My husband’s grandfather, Michael Daly emigrated from Ireland departing from Queenstown on the 28 March 1909 on the Lucania and arriving in New York on 3 April 1909. According to the manifest, his closest relative in Ireland was his mother, Mary Daly of Crumlin and he was going to his sister, Kate Kearns in Albany, New York. I have not been able to identify Michael in the 1910 census but by 1912, Michael was in Stamford, Connecticut where he married Ann Jane (Jennie) Martin, from County Monaghan. Michael’s daughter, Catherine (my mother-in-law) did not know much, other than her father was from Irishtown (no county). By putting together a number of records, including an obituary of a half-brother which stated he was from Mayo, I eventually got to the correct area.
My mother-in-law had a lot of cousins in Connecticut, but wasn’t sure how they were all related.

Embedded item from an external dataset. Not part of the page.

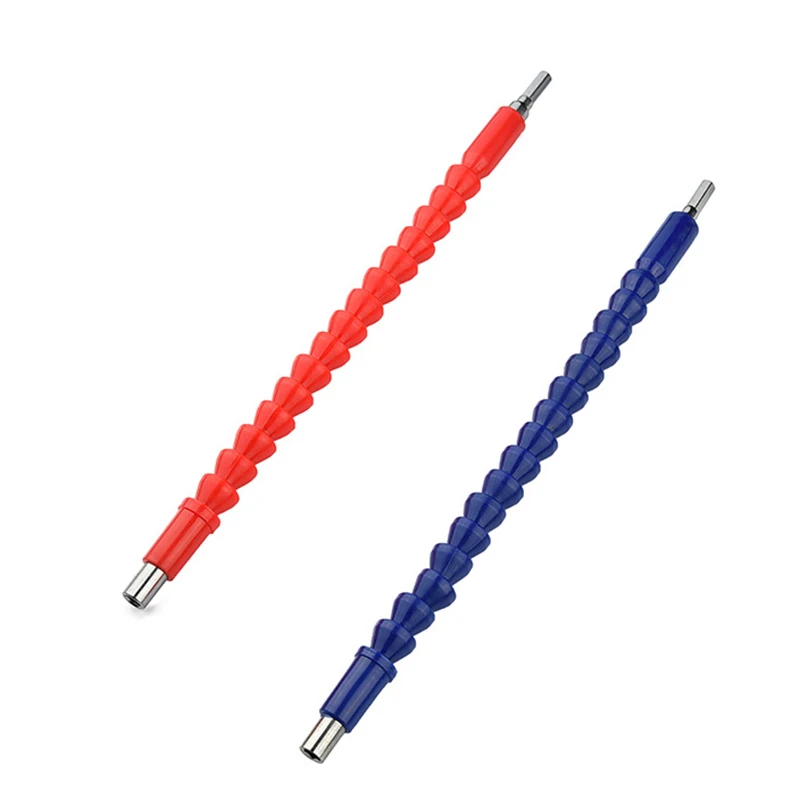 

Connecting Flexible Shaft Link Universal Supply Tool Replacement Spare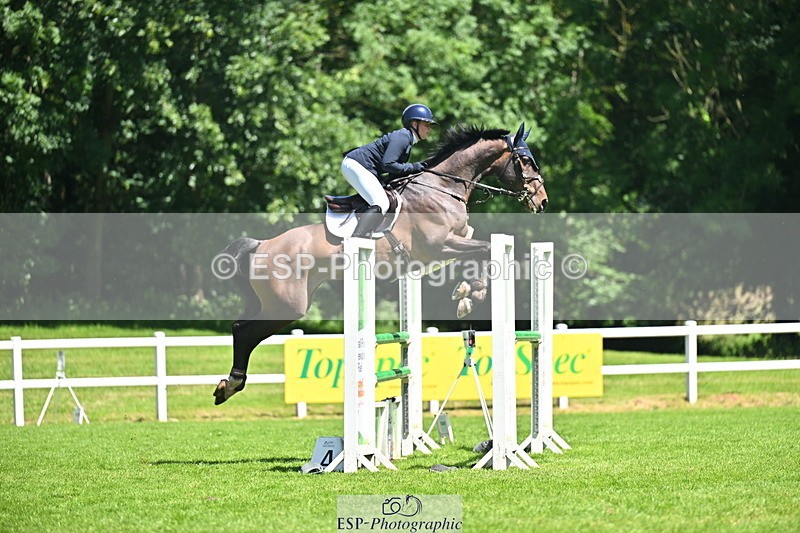 260630A-130941-02408 - Cls 20 JP Equestrian 6YO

A study of all of the Dalys from Claremorris in the civil registration records provided the answer…Michael’s father, John Daly was married three times. The first marriage was to Bridget Carney which produced three children: Sally (who likely died as no additional record can be found after her birth), James (who emigrated to California) and Patrick (who emigrated to England). The second marriage to Mary Kirrane produced four children: twins John and Catherine (Kate), both of whom emigrated to Albany, New York where Kate married John Joseph Kearns; Peter who settled in Stamford, Connecticut and Sarah, who died before her first birthday. The final marriage was to Mary Morley which produced three more sons: Thomas Francis who settled in Stamford, Connecticut; Martin who remained in Ireland and Michael, my husband’s grandfather also to Stamford, Connecticut.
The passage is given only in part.